People who are more physically active or have more muscle mass can tolerate a lot more carbs than people who are sedentary: ie those who sit at an office each day. This particularly applies for those who do a lot of high intensity, anaerobic work like lifting weights or sprinting.
Metabolic health is also a very important factor. When people get ‘metabolic syndrome’, become obese or get type II diabetes, these people can’t tolerate the same amount of carbs as those who are healthy. Some scientists refer to this state as “carbohydrate intolerance.”
General Guidelines for a healthier nutrition plan
If you remove the unhealthiest carb sources from your diet, wheat (even whole wheat!) and added sugars, your health will improve dramatically.
If in doubt, give the following guidelines a read in relation to how you can start to effectively reduce your carb intake.
100-150 Grams Per Day
This is more of a “moderate” carbohydrate intake. This kind of plan is more so for those who are lean, active and simply trying to stay healthy or maintain their weight.
It is very possible to lose weight at this (and any) carb intake, but it may require you to count calories and/or control portions which can lead to cravings, starvation or mineral and vitamin deficiency.
Note: There is no physiological need for carbs in our everyday food intake yet we would die without sufficient fat or protein in our diet.
Carbs you can eat:
Several pieces of fruit per day.
Small amounts of potatoes, sweet potatoes and healthier grains like rice and oats.
50-100 Grams Per Day
This range is great if you want to lose body fat more readily, while still allowing carbs in the diet. It is also a great maintenance range for people who are carb sensitive or have any digestive issues when they eat carbs.
Carbs you can eat:
Plenty of vegetables.
2-3 pieces of fruit per day.
Minimal amounts of starchy carbohydrates like the potatoes above, for example.
20-50 Grams Per Day
This is the perfect range for people who need to lose a lot of body fat or have metabolic issues, obesity or diabetes.
When eating less than 50 grams per day, your body will supply energy for the brain via so-called ‘ketone bodies’. This generally kills your appetite and cause you to lose body fat quite rapidly.
Carbs you can eat:
Plenty of low-carb vegetables.
Some berries, maybe with whipped cream (yum).
Trace carbs from other foods like avocados, nuts and seeds.
Low-carb diet is NOT no-carb. There is room for plenty of low-carb vegetables.
Bottom Line: For people who are physically active or want to maintain their weight, a range of 100-150 grams per day may be optimal. For people who have metabolic problems, going under 50 grams per day is a good idea.
Good Carbs and Bad Carbs
A low-carb diet isn’t just about weight loss, it is also supposed to improve your health.
It is very important to choose healthy, fiber-rich carb sources. There is room for plenty of vegetables, even at the lowest end of the carb range.
The real Benefit of going Low Carb
Low-carb diets greatly reduce your blood levels of insulin, a hormone that brings the glucose (from the carbs you eat) into your cells.
One of the primary functions of insulin is to store fat. Many experts believe that the reason low-carb diets work so well, is that they reduce your levels of this hormone. Another thing that insulin does is to tell the kidneys to retain sodium and this is the reason that a diet higher in carbs can cause excess water retention.

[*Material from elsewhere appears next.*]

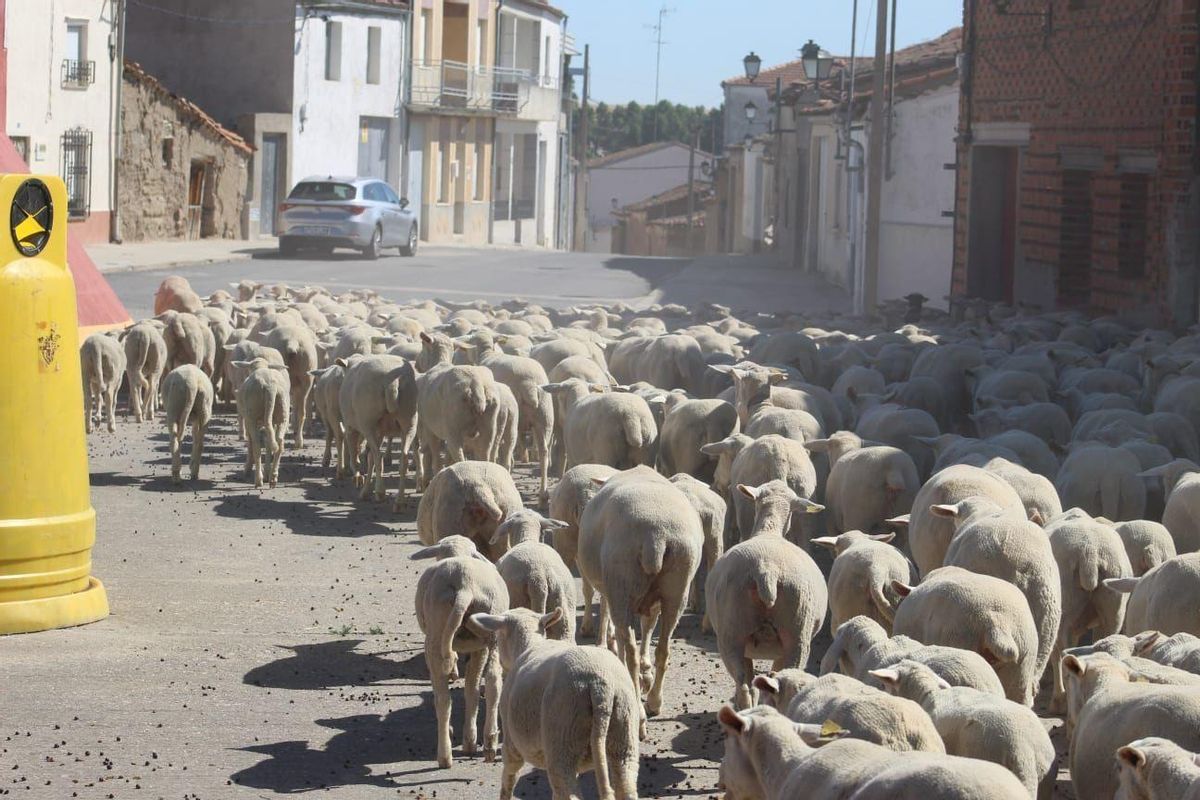 Las ovejas durante la travesía. Daniel Donato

By cutting your carb intake, you reduce insulin and your kidneys start shedding excess water too.
Note: It is common to feel less energetic and a little ‘light-headed’ in the first few days of lowering your carb intake. However, most people feel excellent after this initial adaptation phase has passed.
If you want to try this out, then I recommend that you start by tracking your food intake for a few days to get a “feel” for the amount of carbs you are eating.
Just eat some protein, healthy fats and veggies at every meal. Throw in some nuts, seeds and full-fat dairy products for good measure. Choose unprocessed foods. And enjoy the amazing health benefits!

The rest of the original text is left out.